Gatekeeping processes online are changing constantly and being affected by so-called secondary gatekeepers. The new article by Alfred Hermida of the University of British Columbia, presents a conceptual framework on the topic.
It examines how news items gain attention in the circulation phase: what gatekeeping processes take place after publication. These processes can be observed, for example, when social media users are selecting news to share, or perspectives to amplify (or counter).
Hermida goes through a vast number of studies concerning gatekeeping.
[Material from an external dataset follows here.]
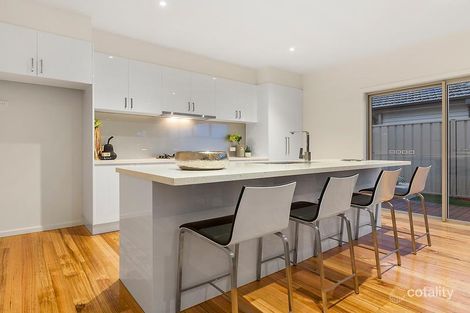 Property photo of 31 Riverside Avenue Avondale Heights VIC 3034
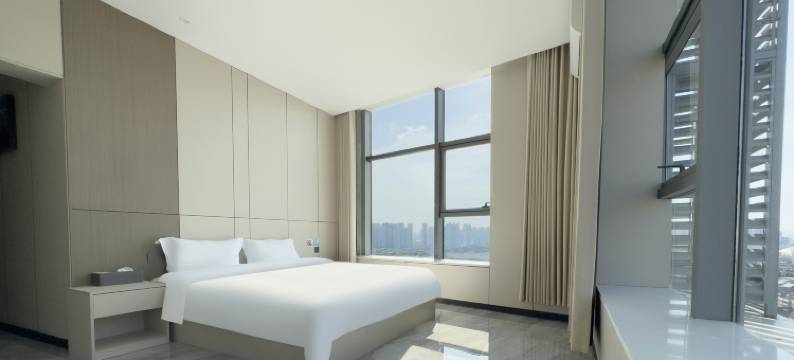 尖峰·悦电竞酒店(邯郸智汇谷天鸿广场店)图片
In his framework, the author introduces four Ps, elements that help analysing what happens to news post-publication:
- publics: actions of individuals in aggregate as publics
- platforms: the impact of platforms as institutionalized spaces for news
- paraphernalia: the objects of media consumption and exposure, and
- practices: the temporal and spatial contexts for practices of news circulation and consumption.
“The Four Ps outlined in this article advance a model to bring order to the supposed chaos of media exposure and consumption in a digital media ecosystem”, the author concludes.
Research using this framework could dive into exploring how these four Ps interact with each other to affect how news items gain attention, to trace processes around specific stories after they have been published, or to address concerns about polarization and balkanization of media experiences, to mention a few.
The article “Post-Publication Gatekeeping: The Interplay of Publics, Platforms, Paraphernalia, and Practices in the Circulation of News” was published in Journalism & Mass Communication Quarterly and is available on the publisher’s website (free abstract, full text behind paywall).